According to the human rights organisation Cristosal, for the past four years, the environment for HRDs has been the most challenging since the signing of the Peace Accords in 1992. HRDs have been facing surveillance, harassment and other forms of violence, including cases of enforced disappearance and arbitrary detention of women HRDs reported by the Mesoamerican Initiative of Women Human Rights Defenders in 2024. Moreover, there has been a surge in stigmatising rhetoric from top government officials against HRDs.

Women journalists have been facing a range of digital and physical threats and intimidation. In early February 2024, the Alliance of Feminist Media Outlets denounced sexist online threats that reference physical features, and are aimed at intimidating or shaming the journalists.

Restrictive legal reforms have also taken place, which could further hinder civic freedoms. A draft “foreign agent” law could be used to stifle CSOs’ work.
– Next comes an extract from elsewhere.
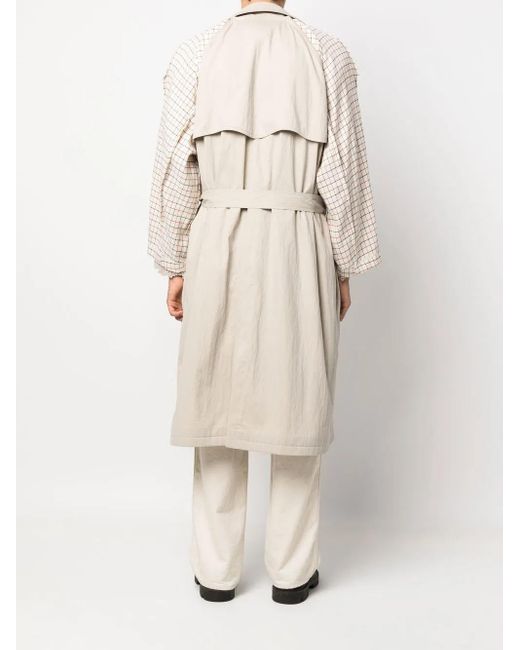 Maison Margiela Natural Spliced Belted Trench Coat for men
The proposed legislation would impose a 40 per cent tax on some international funding and would limit legitimate activities of CSOs receiving funding or support from abroad. It would also require them to register as a ‘foreign agent’ with the Interior Ministry. It has been partially approved and a final approval from the plenary of the Legislative Assembly is pending.

Furthermore, on 27 April 2024, the National Assembly approved an amendment to Article 248 of the Constitution, which allows a single legislature to pass constitutional reforms, rather than two separate legislative assemblies. This reform could limit accountability, transparency and participation in future constitutional processes. In addition, on 7 June 2024, authorities renewed the state of emergency for the 27th time, extending it for an additional 30 days until at least July 2024, prolonging abusive measures that have hindered the ability of HRDs and journalists to work freely and safely.
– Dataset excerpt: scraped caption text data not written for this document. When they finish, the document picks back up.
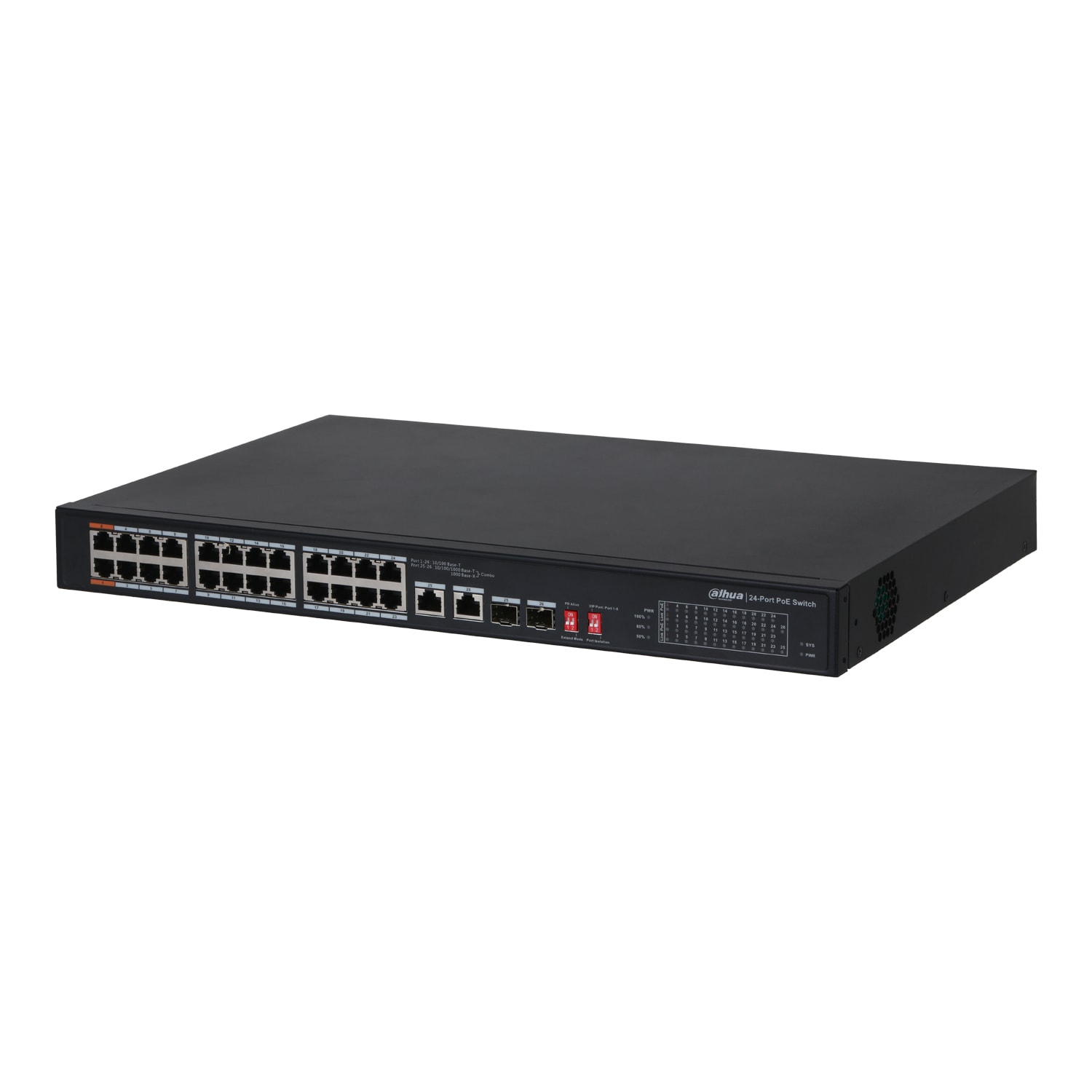 Nice - Switch à 26 ports avec 24 ports PoE (240 W)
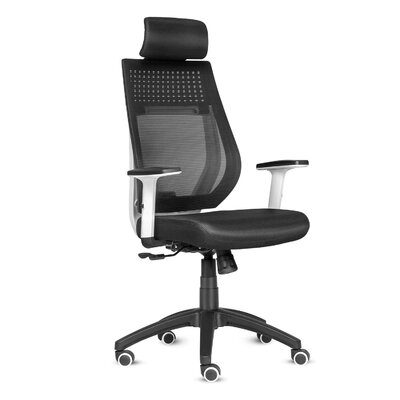 Ergonomic Mesh Office Chair In Gray - Image 0
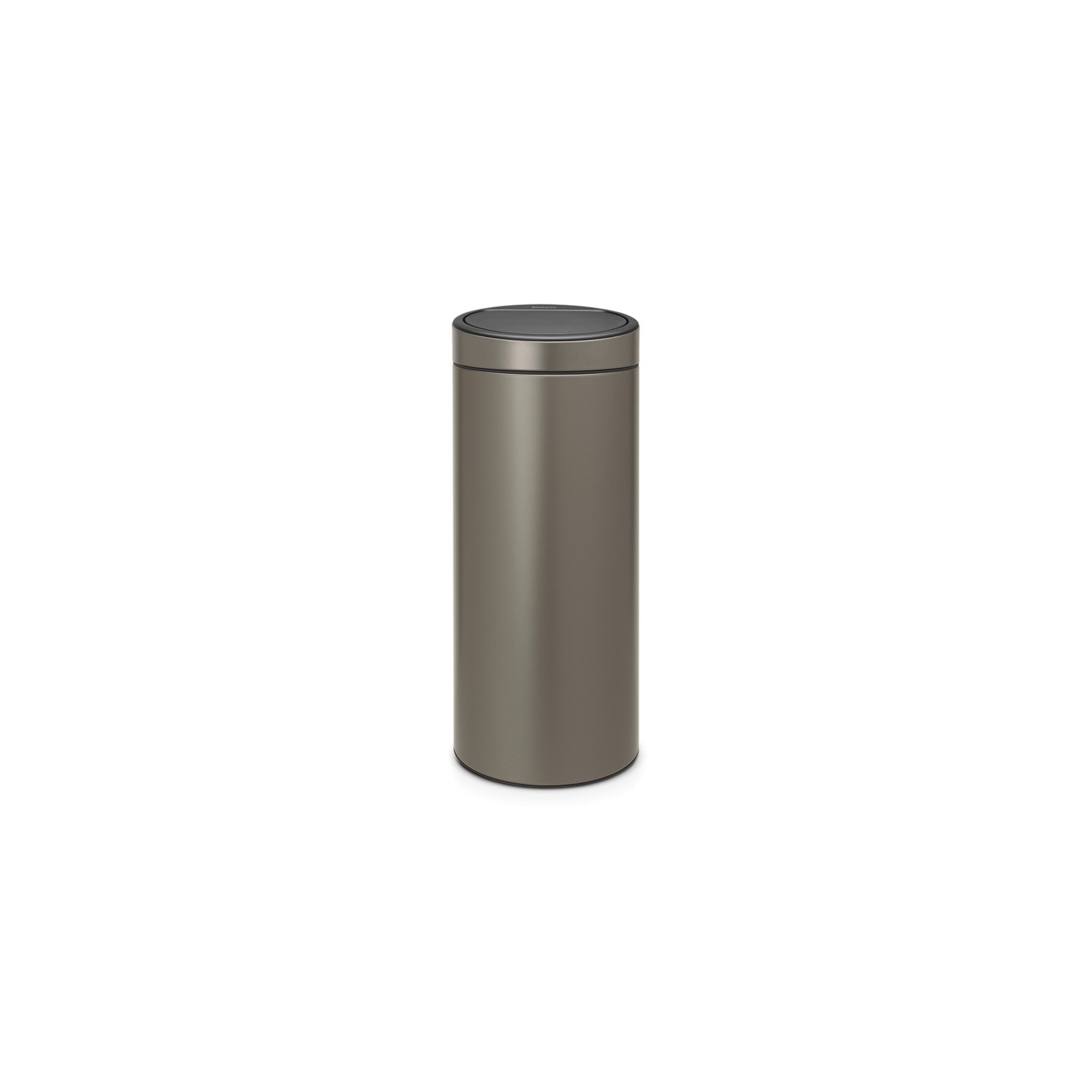 Brabantia 8 Gallon Touch Top Trash Can, Platinum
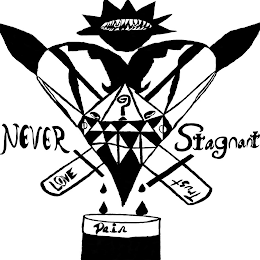 NEVER STAGNANT LOVE TRUST PAIN ?
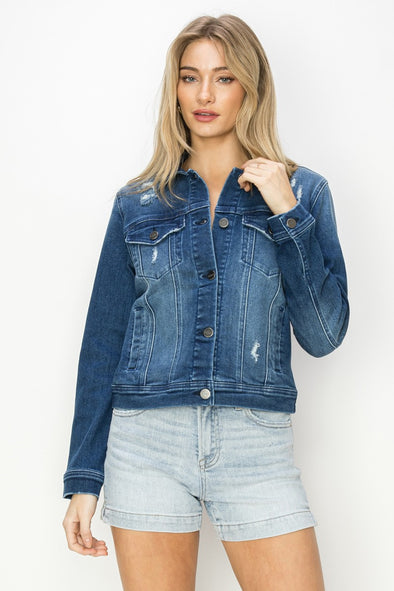 Vintage Wash Denim Jacket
Palestine is retained on the WL as Israel’s bombardment continues. As of 9 June 2024, over 37,000 Palestinians and 1,139 Israelis have been reported as killed, including at least 105 journalists (100 Palestinian, 2 Israeli and 3 Lebanese). More than 250 aid workers have been killed in Gaza since the 7 October 2023 assault in Israel, after Israeli forces carried out at least eight strikes on aid workers’ convoys and premises in Gaza since October 2023, even though aid groups had provided their coordinates to the Israeli authorities to ensure their protection.

Despite the devastation being faced in Palestine, UNRWA and Palestinian CSOs continue to face a looming threat to their existence due to funding freezes from key donors. While most donors have since reinstated their funding to UNRWA after a wave of suspensions earlier this year, funding from some key donors such as the US and the UK remains frozen. In March 2024, the United States House of Representatives approved a $1.2 trillion funding bill that would ban funding for the UNRWA amid the humanitarian catastrophe in Gaza.